---------- Data excerpts

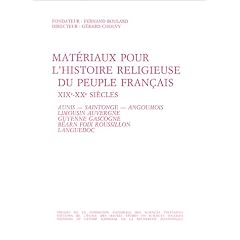 Mat�riaux pour l'histoire religieuse du peuple fran�ais, XIXe-XXe si�cles, tome 3 : Aunis, Saintonge,  Angoumois,  Limousin,  Auvergne, Guyenne,  Gascogne,  B�arn,  Foix,  Roussillon,  Languedoc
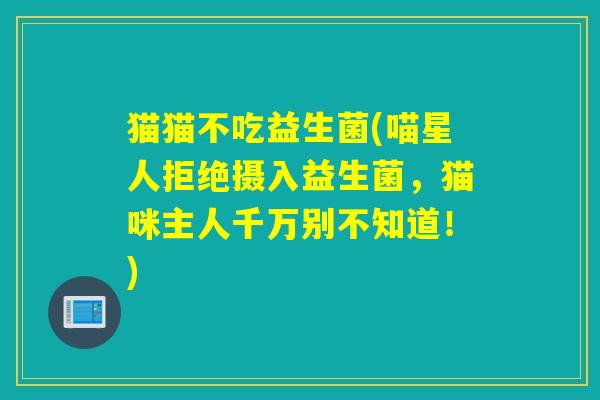 猫猫不吃益生菌(喵星人拒绝摄入益生菌，猫咪主人千万别不知道！)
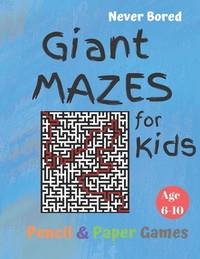 GIANT MAZES for Kids: Puzzle Games Age 6-10:: NEVER BORED Paper & Pencil Games -- Kids Activity...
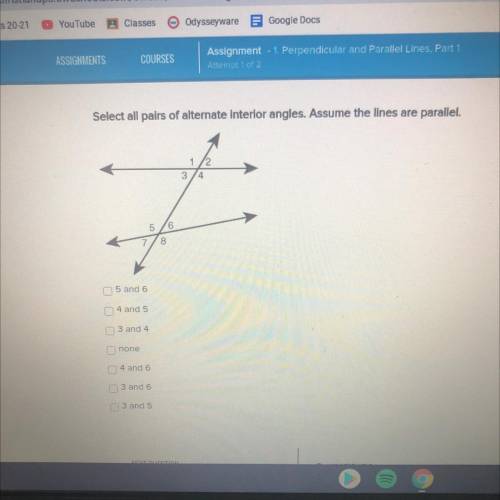 Select all pairs of alternate interior angles. Assume the lines are parallel.

1 2
3
56
8
5 and 6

--------------------

• _Task requirements_: Only the lines from the line with "Select all pairs" to the end of the records should be repeated, exactly and without pictures.

• _Solution_:
 Select all pairs of alternate interior angles. Assume the lines are parallel.

1 2
3
56
8
5 and 6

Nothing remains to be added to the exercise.